Michael Pay of EMC Corporate Finance discusses the commonly-raised issue of how a business owner prepares their business for growth
“How to cope with growth” may sound like a high class problem but it turns out to be a very similar question to “how to avoid stagnation”. As advisers to business owners, it is often a question that we are asked, possibly more so in recent times with management fighting inflationary pressures, changing supply chains in light of global events and increasing costs of capital from interests rates to tax and even legislation. In the world of dealmaking, buyers often want to understand how a target addresses these challenges, they are looking beyond the deal to what it means for them. So how do you cope with growth?
Goals
Perhaps the primary factor in avoiding stagnation, or planning for the future, is goal setting: invest your ambition and appetite for growth in defining a destination, and growth is much more likely to be sustained.
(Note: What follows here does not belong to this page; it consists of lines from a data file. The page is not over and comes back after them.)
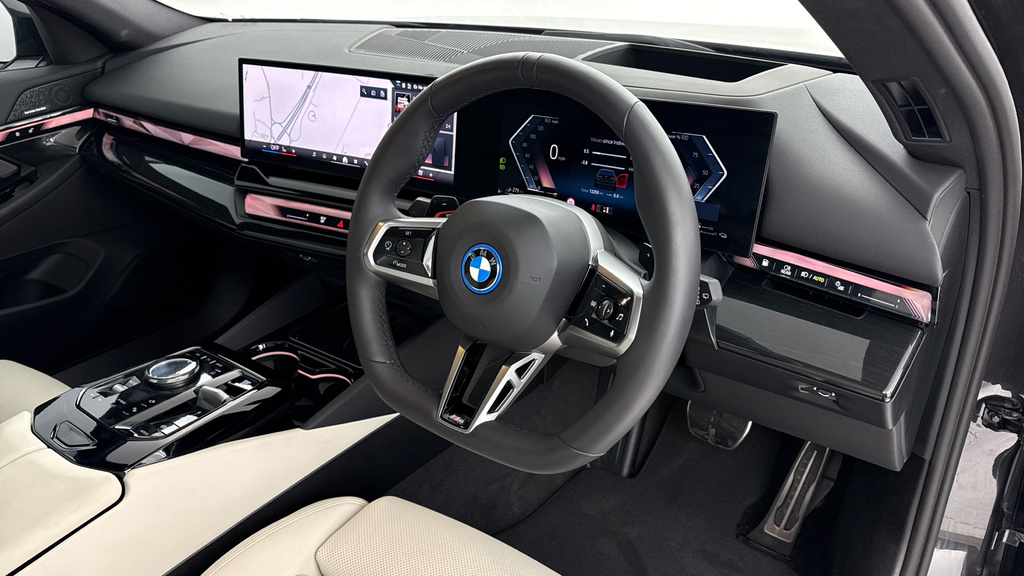 BMW 5 Series 530E M Sport Touring YF75DXH  #6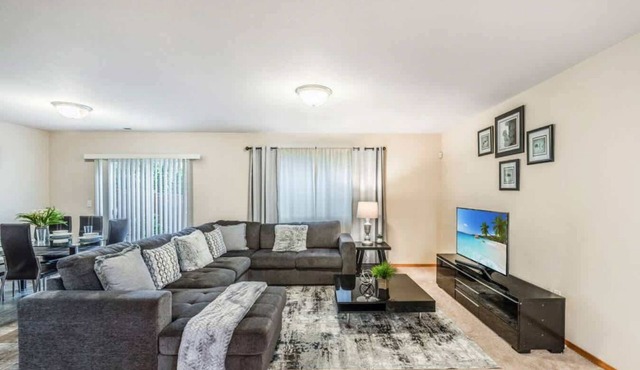Serenity in Prime Everett Craftsman | Near Boeing!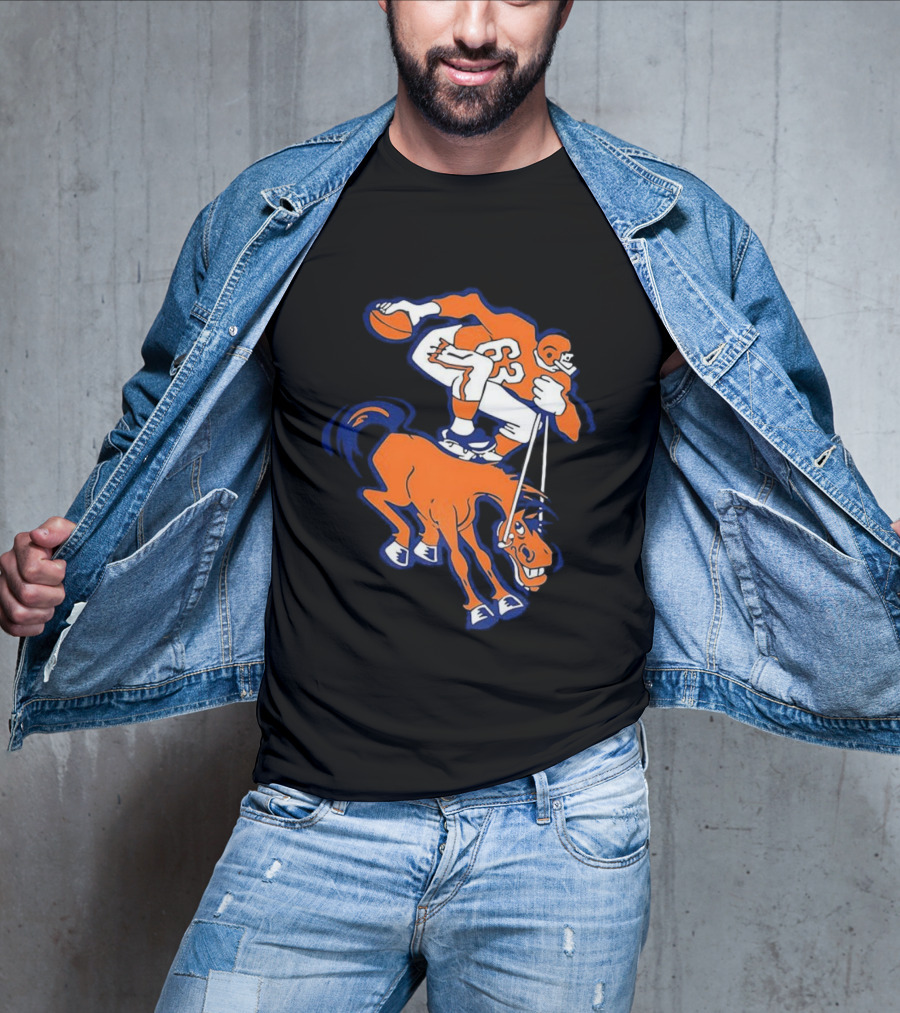 Denver Broncos Vintage Football Horse And Throwing Player T-Shirt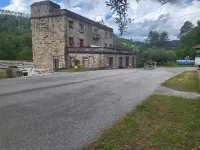 Atypical farmhouse at the foot of the Cévennes Hotel dekat La Maison du Mineur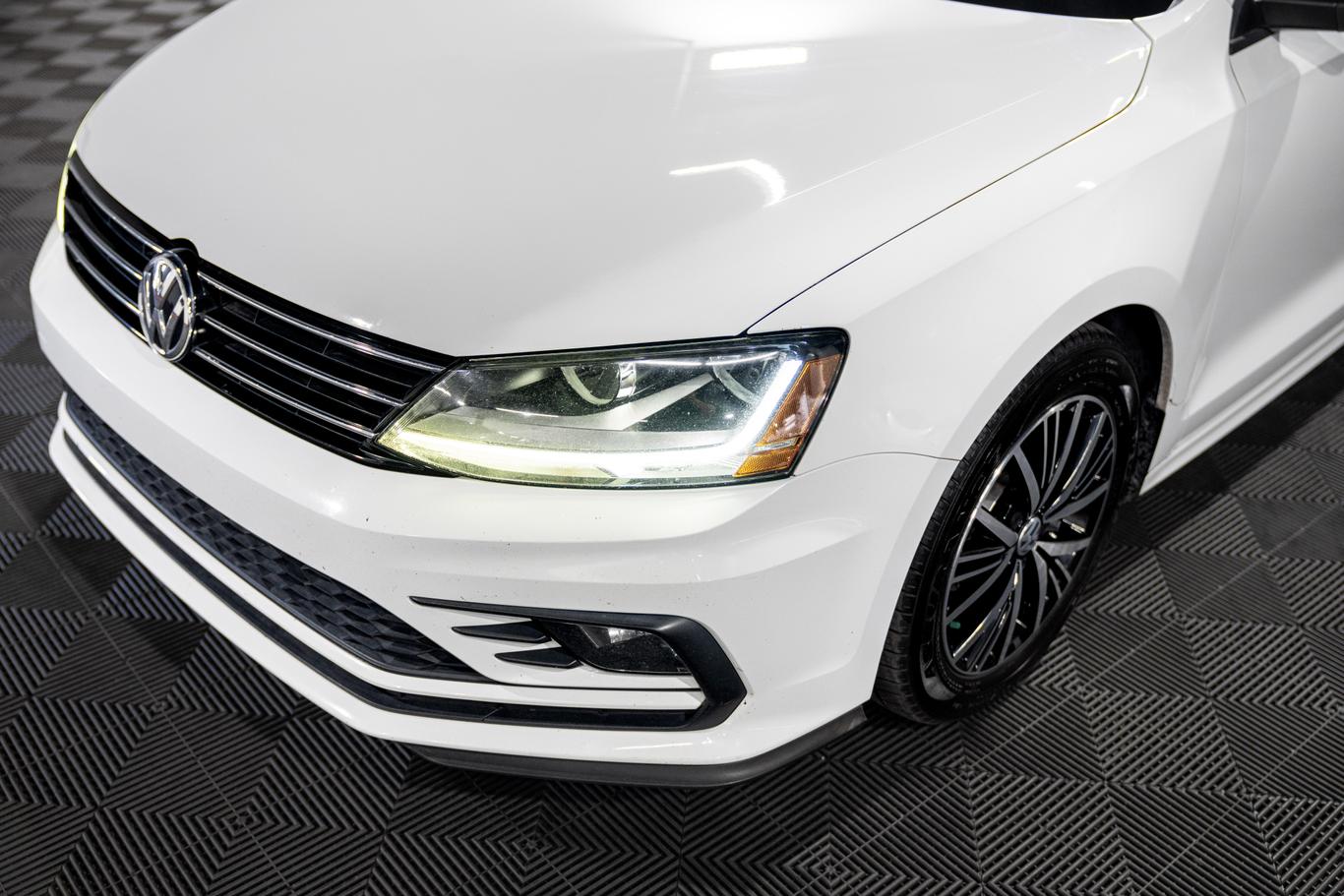 2018 Volkswagen Jetta Wolfsburg Edition photo 10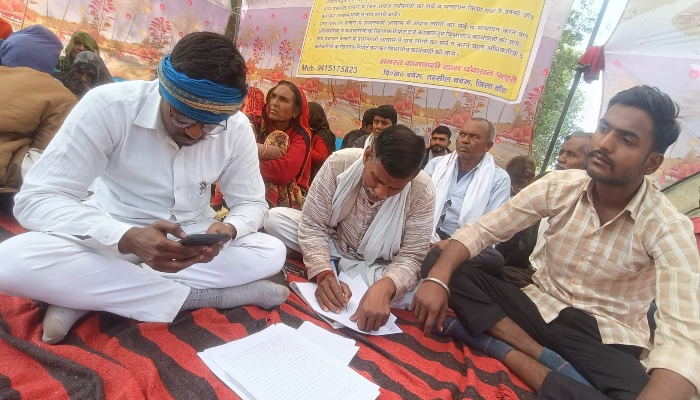 प्रधानमंत्री आवास योजना में धाँधली का आरोप, अनशन पर ग्रामीण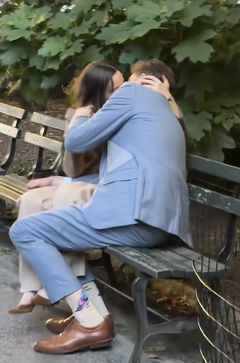 16세 연하 女변호사와 '공원 키스'했다가…美 거물 변호사 해고 위기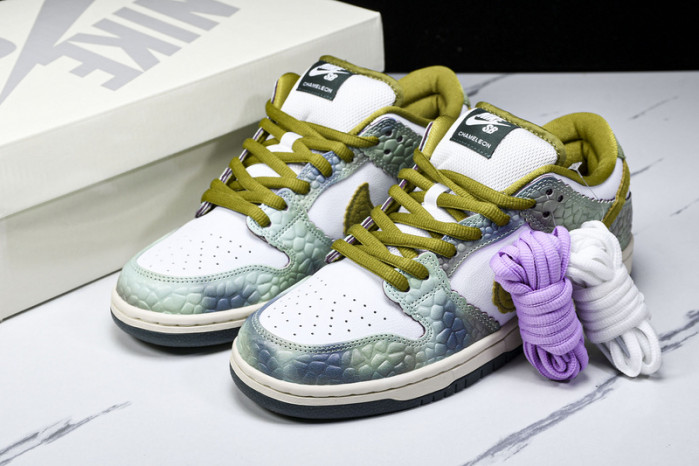Nike SB Dunk Low Alexis Sablone Chameleon  HJ3386-300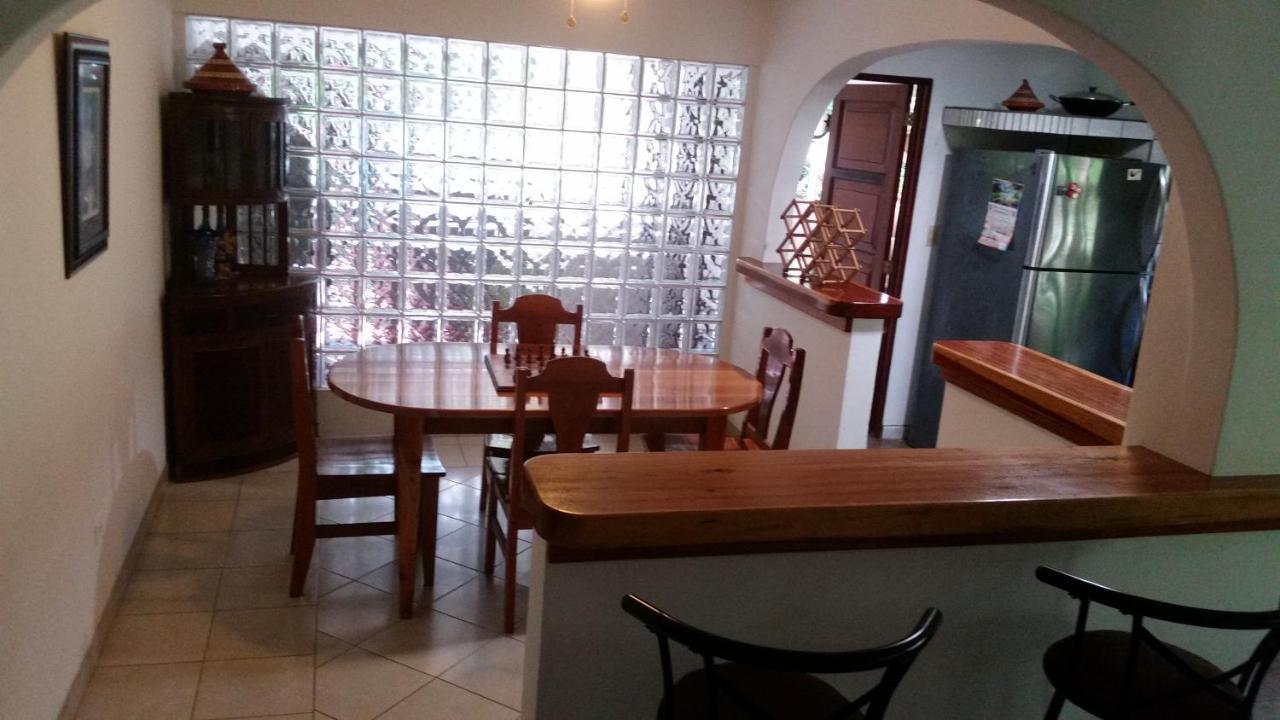 Embassy House Bed & Breakfast Puerto Jimenez Exterior photo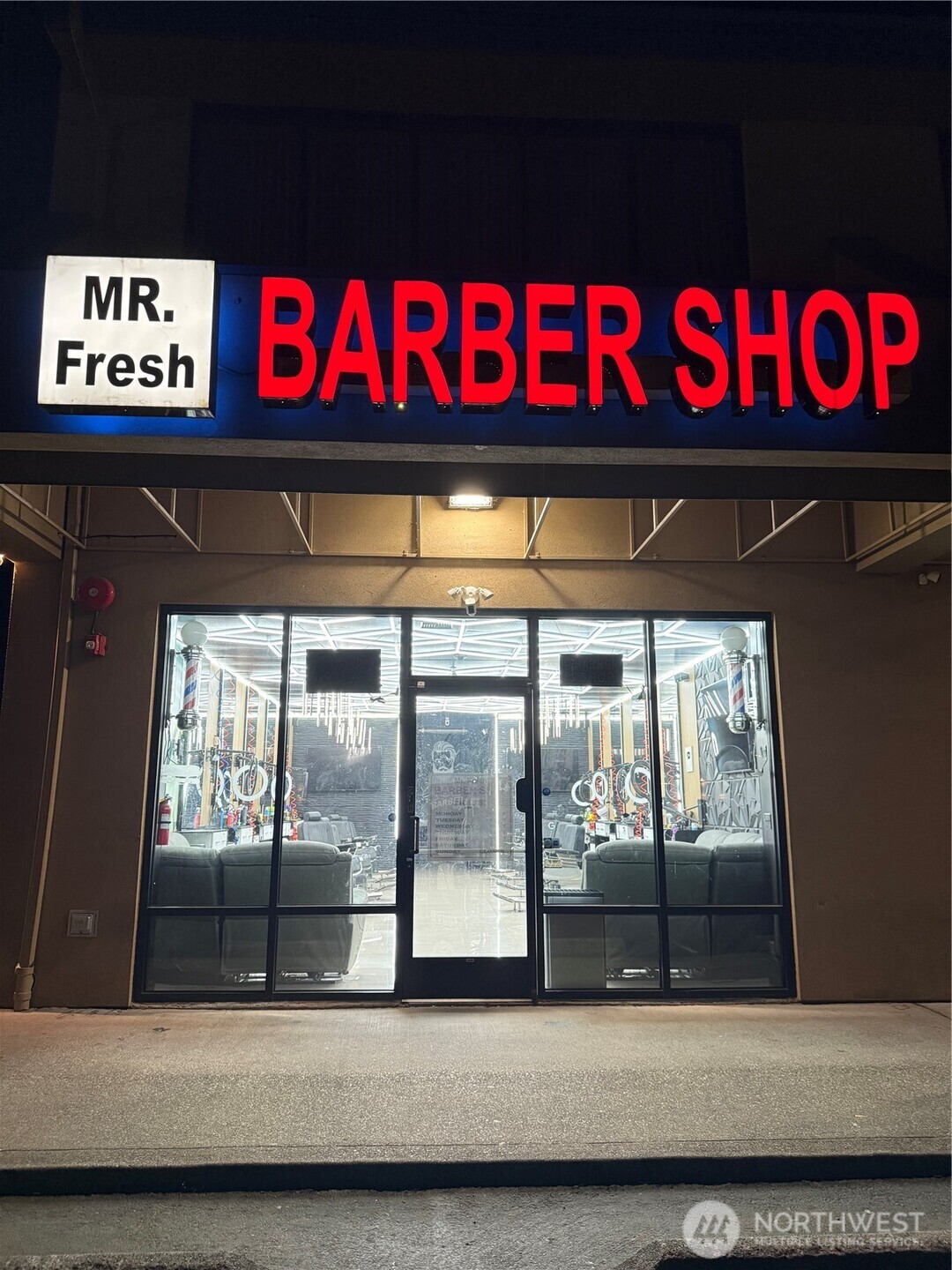 1601 W Meeker Street Kent WA 98032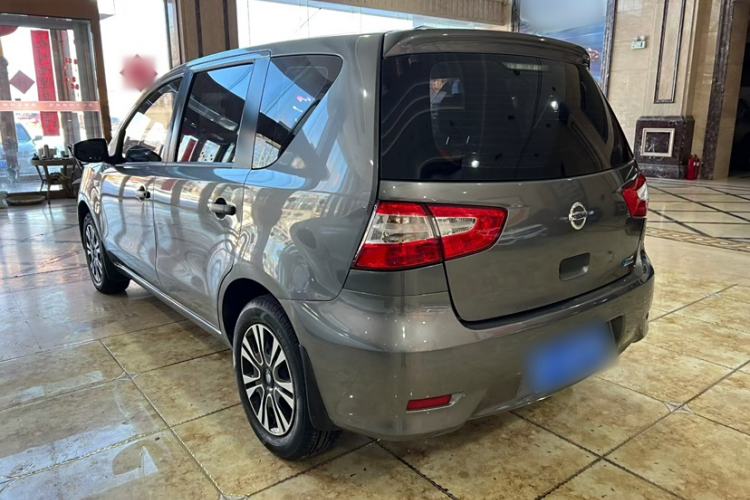 Used Nissan Livina 2015 1.6XE CVT Comfort Edition Exterior 3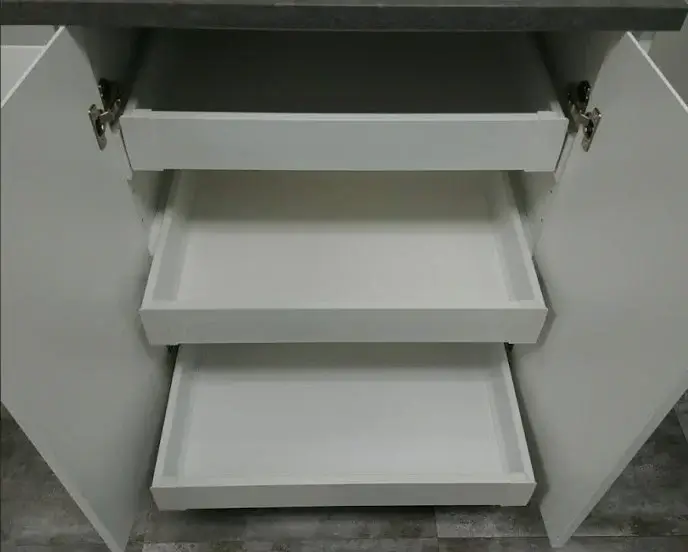 Roll Out Tray 15"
It is important to state (write down) your objectives clearly with intermediate, time-bound objectives which are “stretch targets” but also achievable.
As Lewis Carroll’s Alice discovered, “it is difficult to plan your journey if you do not know the destination”.
The challenges
As business grows, the immediate challenge is simply handling the workload, often followed swiftly by funding the growth – preferably ahead of cash requirements. A stressful time, albeit with immediate rewards, this period typically involves long hours, investment in plant and equipment, relocation of premises and/or recruitment and training of staff. From this tumult of activity and decision making will emerge the shape of a new organisation.
Each decision will be relevant to the situation at the time it was made, particularly where management finds itself reacting to circumstances rather than planning for the longer term. Adjustments are therefore needed periodically along the way and, as growth continues, the changes needed may be significant. Initiating these may require greater courage – or the clarity which comes from knowing and believing in the goals.
The organisation
In the case of a start-up, the organisation will transition from a founding team, within which many of the tasks are shared on a flexible basis, to an expanding organisation in which it becomes increasingly difficult to keep abreast of all the activities taking place. The scope for duplication, conflict and confusion grows ever larger.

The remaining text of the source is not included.